Warning: the following review contains spoilers (unless you read the book already).

First things first, I read The Giver for my 7th grade summer reading assignment. I read the book in about two days, and sure, I could say I’m a quick reader, or I was really into the book, but I’ll be truly honest, I had like a week before school started and I still hadn’t written a report.  Fortunately, I found the book entertaining, and as cliché as it sounds, I couldn’t put the book down. This film took its sweet time making its big screen debut, but I was ready to be first in line to watch the movie, that is, until I watched the trailer. I became apprehensive at first, but I still welcomed The Giver with open arms, especially after I managed to sit through TMNT last week.

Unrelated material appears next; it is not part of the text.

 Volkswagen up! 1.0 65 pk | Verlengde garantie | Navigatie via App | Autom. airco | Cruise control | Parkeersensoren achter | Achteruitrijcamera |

Fans of Lois Lowry’s dystopian novel, The Giver, will absolutely enjoy watching this film, because the movie not only gives a vast array of visuals, but also takes liberties in expanding much of the literature. The film’s first 30 minutes are spent on introducing a sterile and colorless world–one rebuilt upon the ashes of complete and utter destruction. The main character, Jonas, played by Brenton Thwaite, is coming-of-age, and is chosen by grand ceremony to become The Receiver of memory. The only problem is, because he lives in a world void of emotions and suffering, he isn’t considerably prepared for the duties involved in receiving memories–one of which, is the memory of pain. After some time spent receiving memories, Jonas begins to question society and see past its seemingly safe establishment. Kind of like growing up, right?

The Giver seems to have a solid grasp on the core story and the visuals, but what it lacks are the things that made the novel truly powerful. I believe the movie was so caught up on providing the beauty of life that it failed to balance that out with the things that made it ugly. Jonas learned that the people of the community were blissfully unaware of the shackles imposed on their society, the apparent lack (and knowledge) of free will (or even privacy), and he knew they have no idea what it meant to truly live life. The internal struggle he had with himself in the novel was lacking in the film, and it truly trims down the depth of his character. However, none of this takes away from the fact that the movie is visually appealing. If you’re a fan of The Giver, quit waiting and head out to the nearest theater. It’s worth the wait.